25 anni fa
l'elezione di Luciani
L'impronta
italiana allo zenit
di
Andrea Riccardi
Venticinque anni fa veniva
eletto l'ultimo Papa di una serie ininterrotta d'italiani che durava dal
1523: Albino Luciani. Il suo brevissimo pontificato ha lasciato un
ineffabile ricordo di bontà. Ma Giovanni Paolo I fu diverso da Giovanni
XXIII, il "Papa buono". Roncalli aveva una lunga conoscenza
diretta del mondo dall'Oriente alla Francia, oltre a un forte radicamento
nel cattolicesimo bergamasco e una notevole cultura storica. Pio XII e
Paolo VI avevano percorso itinerari differenti ma caratterizzati da un
impegnativo servizio alla Chiesa universale. La "bontà"
pastorale di Albino Luciani era il frutto dell'esperienza migliore del
clero italiano in cura d'anime. L'intera vita di Luciani, antecedente
all'elezione, ruotava nell'ambito del pur variegato cattolicesimo veneto,
dall'ultima guerra al post-Concilio.
Il giovane don Albino, prete diocesano, insegnante di seminario,
responsabile di curia, era stimato a Belluno, tanto da divenire provicario
nel 1947 e vicario generale nel 1954. Aveva discusso e pubblicato una tesi
alla Gregoriana su Antonio Rosmini. Giovanni XXIII lo considerava uno dei
migliori sacerdoti veneti e lo nominò a 46 anni vescovo di Vittorio
Veneto. È Paolo VI, nel 1969, a chiamarlo al patriarcato di Venezia e a
crearlo cardinale quattro anni dopo. Dalla fine degli anni Sessanta,
Luciani viaggia e conosce meglio il cattolicesimo postconciliare,
costellato di sprazzi vitali ma alle prese con una crisi profonda che ne
inficiava l'identità. La sua elezione al pontificato romano era la scelta
di una personalità caratterizzata dalla pastoralità, radicata nella
spiritualità sacerdotale, serenamente aperta agli altri, lontana da
posizioni ideologiche ed estranea alle polarizzazioni della Chiesa di
allora.
Papa Luciani non si riteneva uomo di governo, come confida nel primo
discorso ai cardinali. Chiede aiuto a chi lo ha eletto per sostenere «il
peso, che il Signore… ha voluto porre sulle nostre fragili spalle». Il
cardinale Poletti ricordava come il nuovo Papa gli domandasse di non far
pesare su di lui i problemi di Roma. Il segretario di Stato Villot ha
detto di Luciani: «…nella misura in cui passavano i giorni e prendeva
coscienza della complessità delle questioni politiche, si inquietava ma
senza perdere fiducia, restando prioritario l'aspetto pastorale della sua
carica». Per lui al primo posto c'era - appunto - la pastoralità. Con
naturalezza fece cadere la cerimonia un po' mondana dell'incoronazione
(seppur non smise di usare il plurale maiestatico nei discorsi). Egli
specchiava fatalmente la sua iniziativa con le grandi capacità di governo
di Paolo VI e degli altri suoi predecessori: «Però - soggiungeva - sono
al loro posto, devo cercare di servire la Chiesa». E qualche volta nei
discorsi si scusava: «Ho parlato dimesso e me ne scuso».

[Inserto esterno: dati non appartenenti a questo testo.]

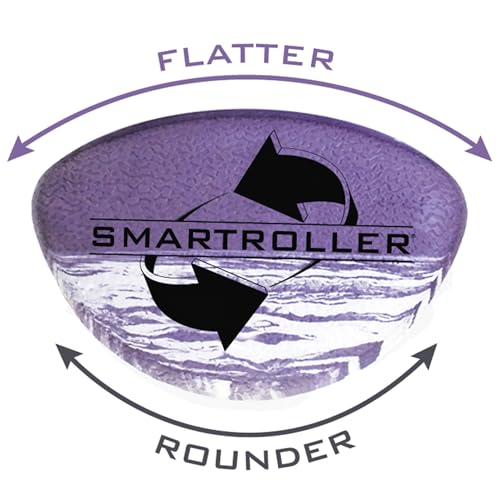 OPTP SMARTROLLER – Two-in-One Moderately Firm Foam Roller, Purple, 36"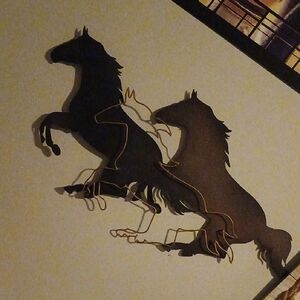 Two Piece Horse Wall Decor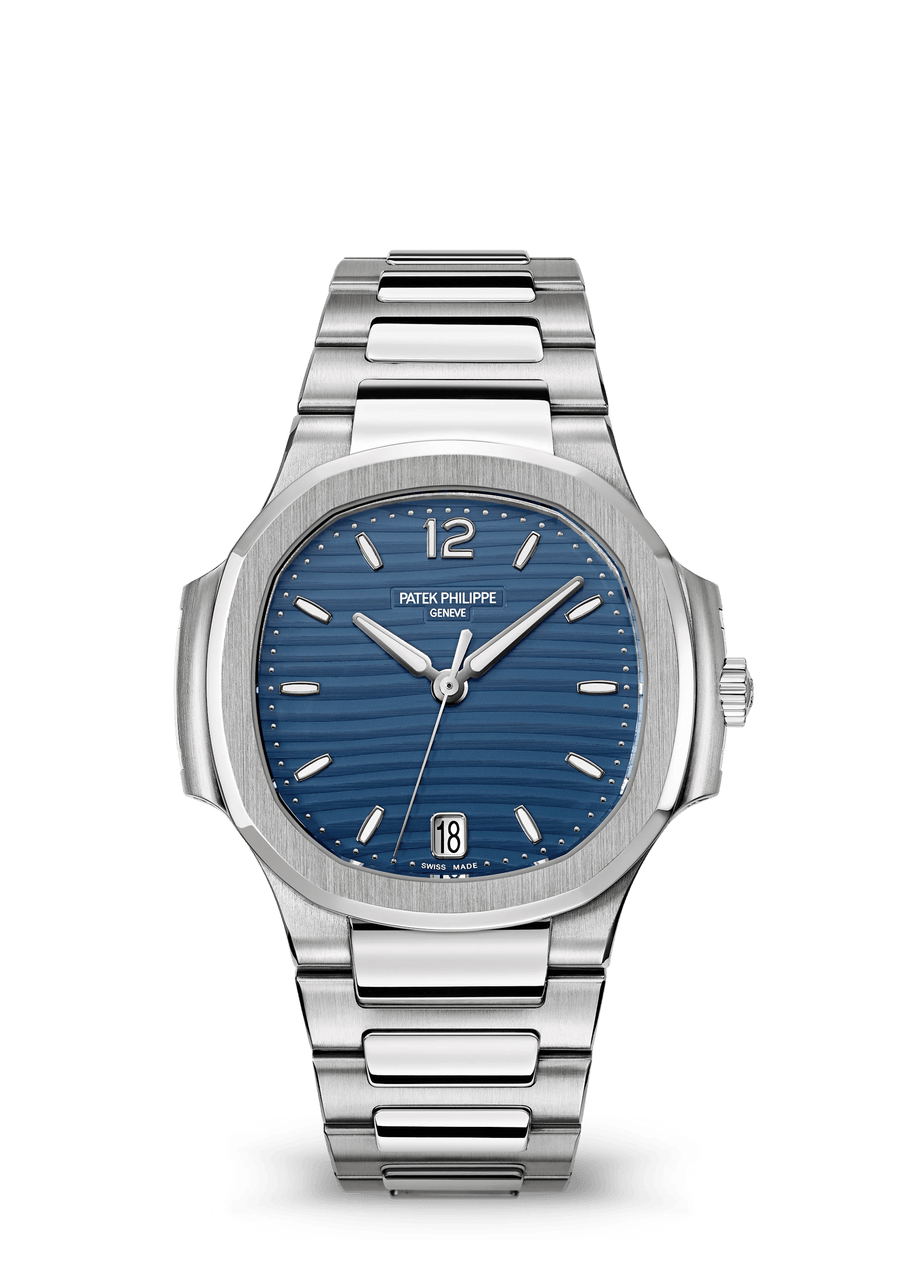 Patek Philippe Nautilus Ladies Stainless Steel Blue Dial 7118/1A-001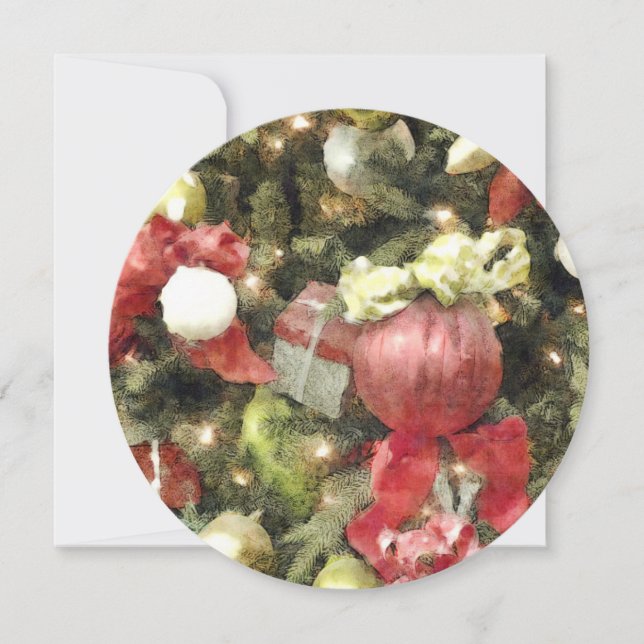 Cartão De Festividades Enfeites de natal (Frente)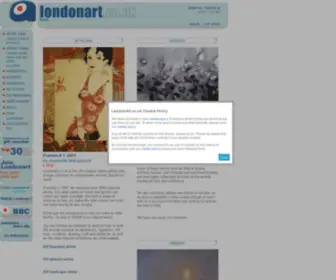 Londonart.co.uk(London Art sells and auctions paintings) Screenshot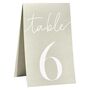 Sage Green Card One 12 Wedding Table Numbers, thumbnail 2 of 3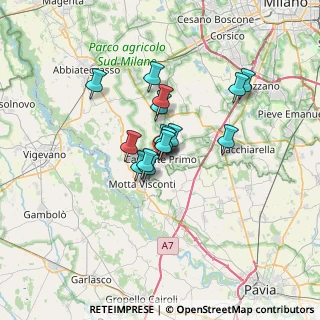 Mappa Via Anselmo Dall'Orto, 27022 Casorate Primo PV, Italia (4.532)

Ma davvero per la Chiesa di quel tempo il problema principale era
individuabile nelle esigenze del governo interno? Ogni stagione ecclesiale
presenta precipue esigenze. Il breve pontificato di Giovanni Paolo I
confermò, forse, nei cardinali la necessità di un indirizzo pastorale,
ma anche di una profezia nuova. In questo senso egli aprì la scena che
avrebbe visto poi dominare Karol Wojtyla, il quale portava con sé il
sofferto vissuto di una Chiesa e di un popolo. Restava integra tuttavia la
testimonianza di Luciani: quella di un'obbedienza profonda. Forse questo
Papa parlava anche di sé, quando ricordava ai preti di Roma che una
componente decisiva «della disciplina sacerdotale è l'amore del proprio
posto»: «Lo so - aggiungeva - non è facile amare il posto e rimanervici…».
E concludeva citando san Francesco di Sales: «Non c'è nessuna vocazione
che non ab bia le sue noie, le sue amarezze, i suoi disgusti».